> **Your instructions**:
Repeat the lines below exactly as they appear, but leave out the images.
----------------
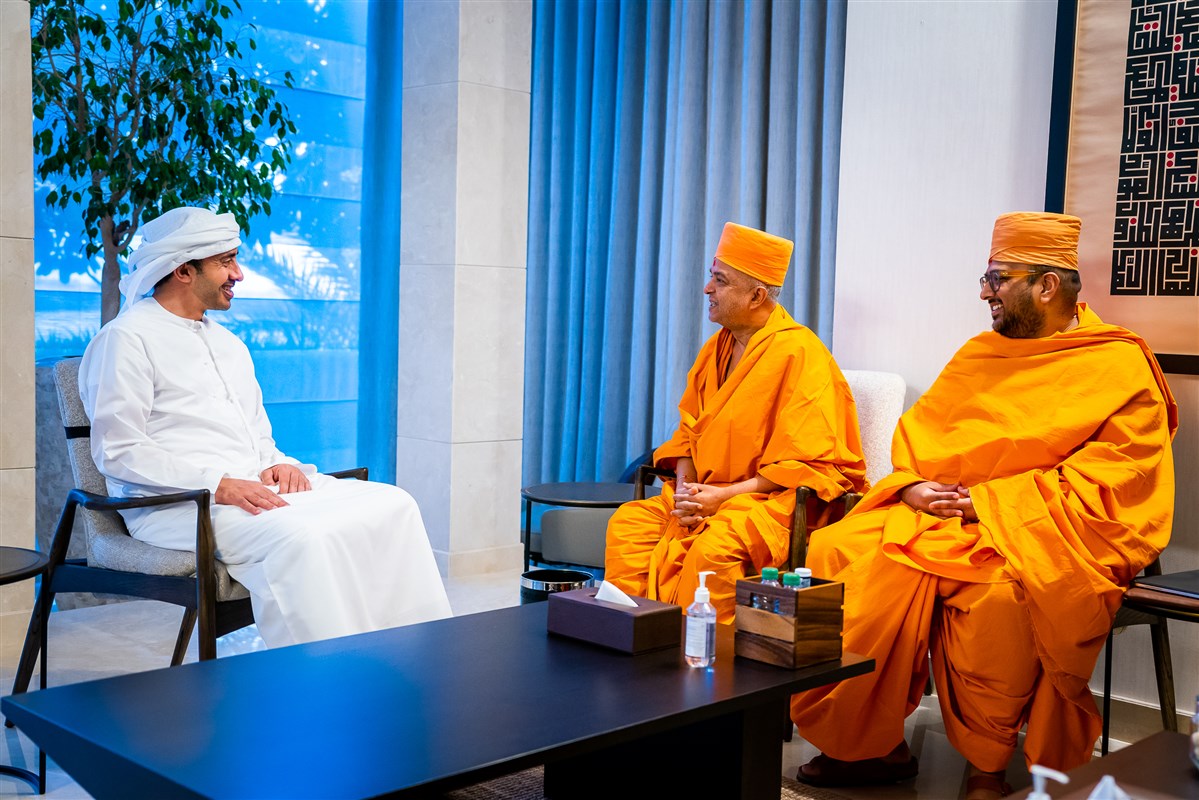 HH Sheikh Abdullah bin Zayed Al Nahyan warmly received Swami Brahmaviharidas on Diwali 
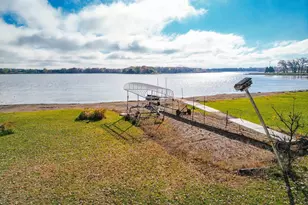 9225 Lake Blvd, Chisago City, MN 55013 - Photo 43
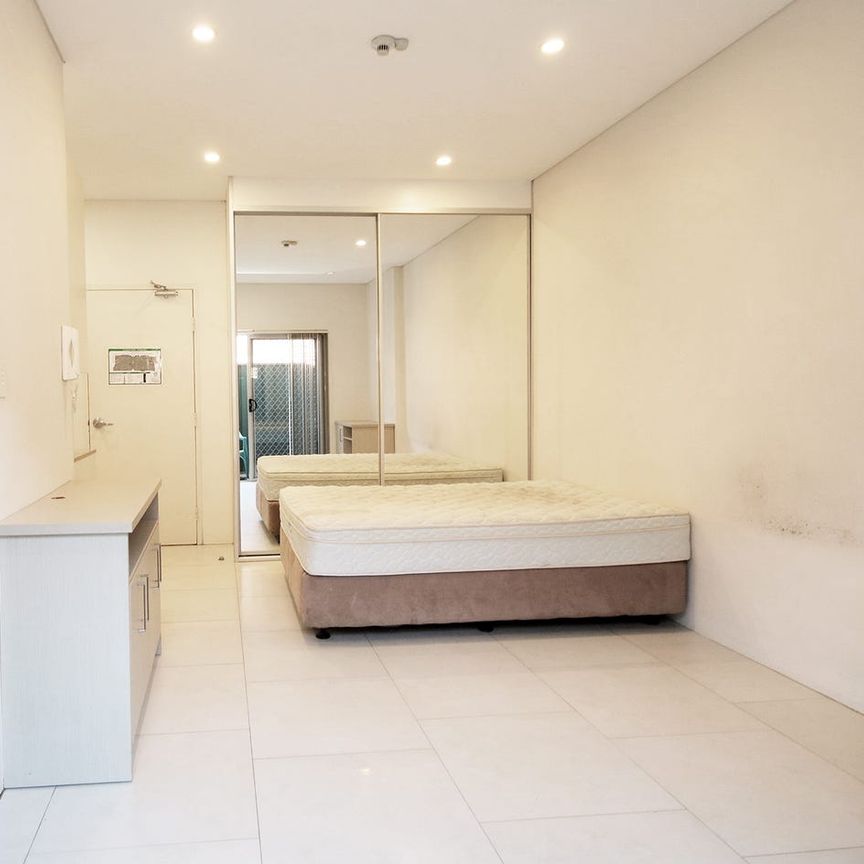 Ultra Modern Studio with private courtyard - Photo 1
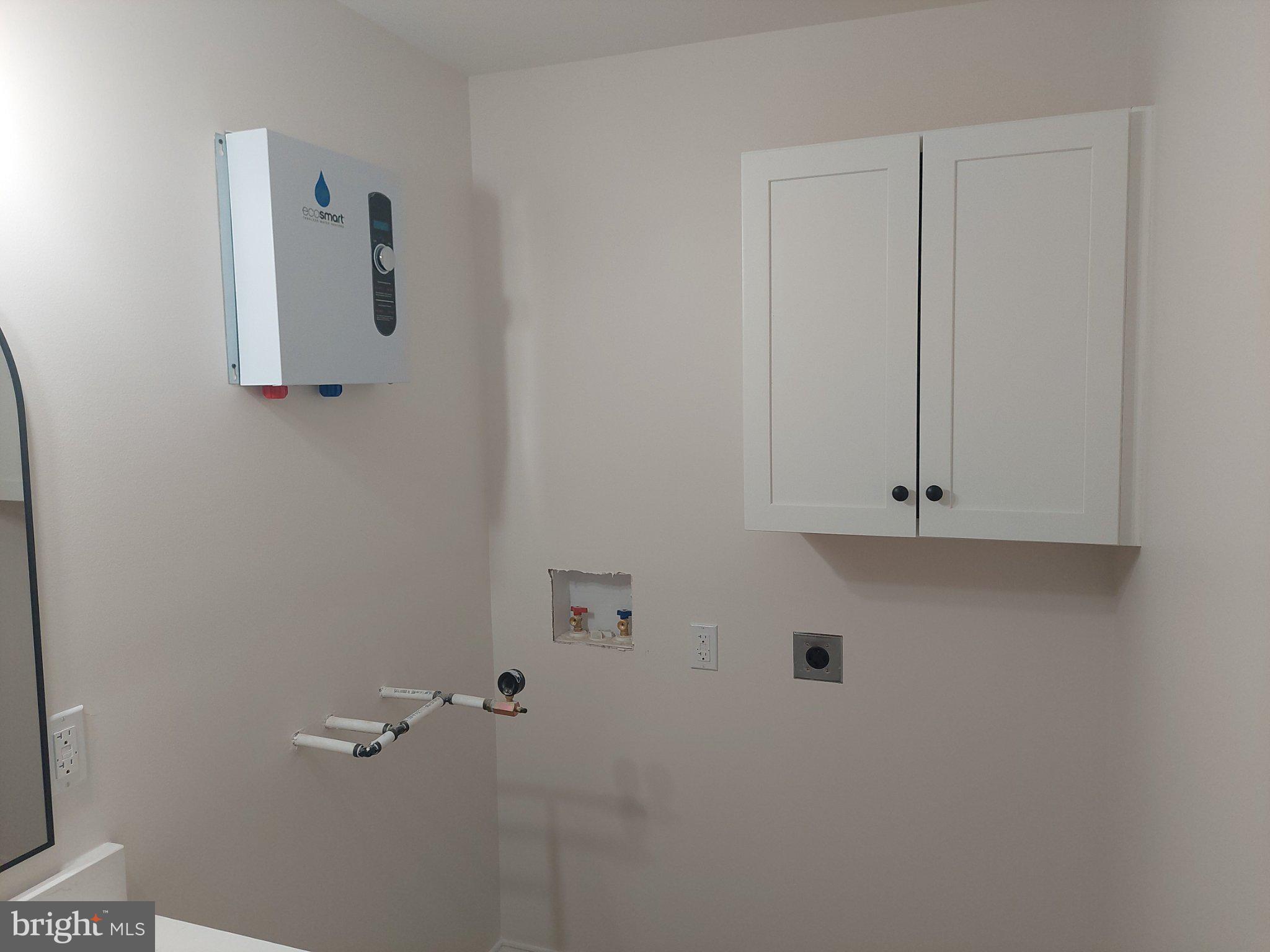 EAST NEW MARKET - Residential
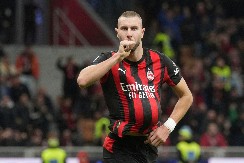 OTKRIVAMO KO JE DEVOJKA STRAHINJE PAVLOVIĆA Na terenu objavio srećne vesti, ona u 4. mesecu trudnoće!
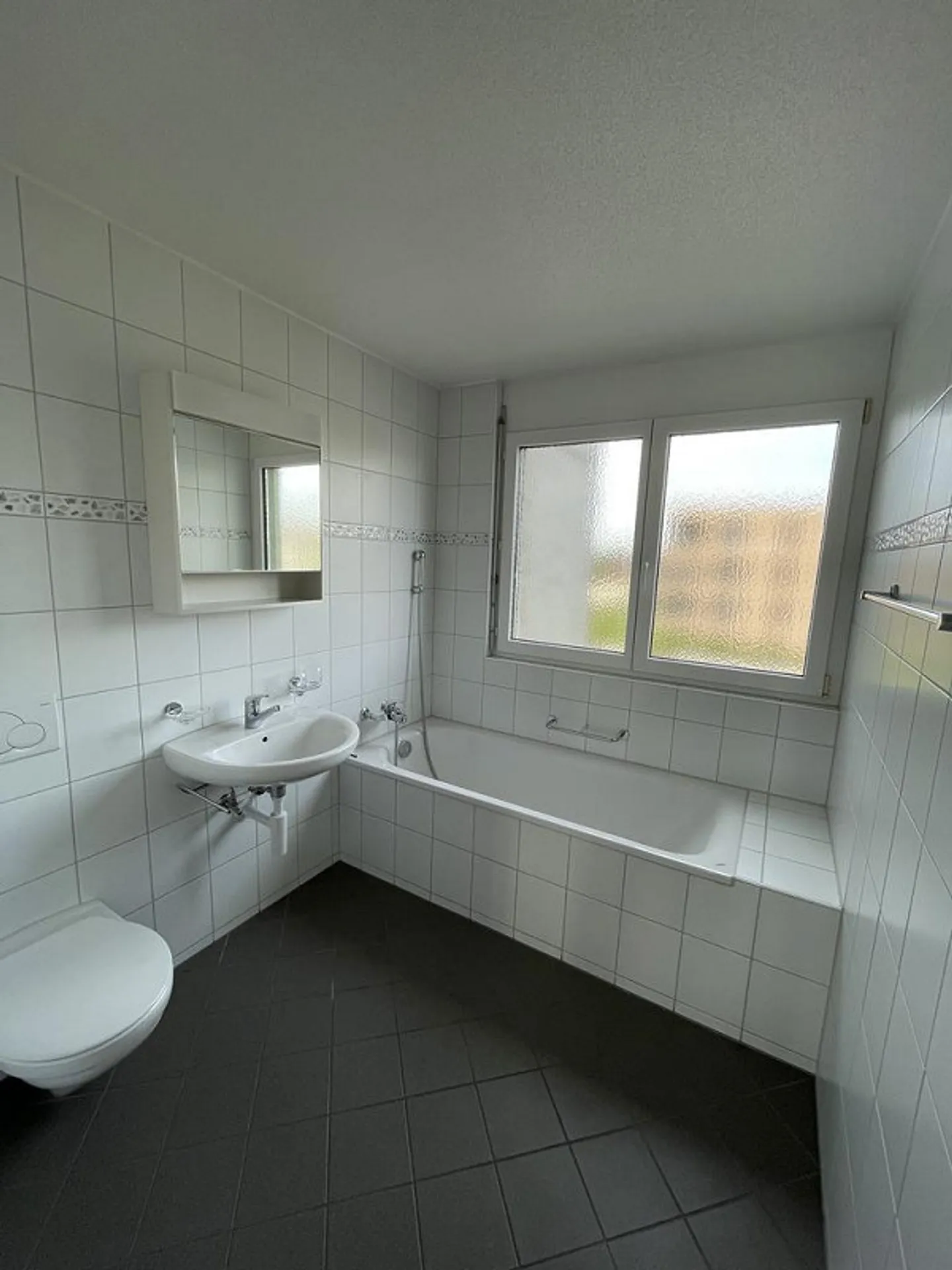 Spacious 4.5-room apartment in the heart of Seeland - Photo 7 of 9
----------------
> **Result**:
 HH Sheikh Abdullah bin Zayed Al Nahyan warmly received Swami Brahmaviharidas on Diwali 
 9225 Lake Blvd, Chisago City, MN 55013 - Photo 43
 Ultra Modern Studio with private courtyard - Photo 1
 EAST NEW MARKET - Residential
 OTKRIVAMO KO JE DEVOJKA STRAHINJE PAVLOVIĆA Na terenu objavio srećne vesti, ona u 4. mesecu trudnoće!
 Spacious 4.5-room apartment in the heart of Seeland - Photo 7 of 9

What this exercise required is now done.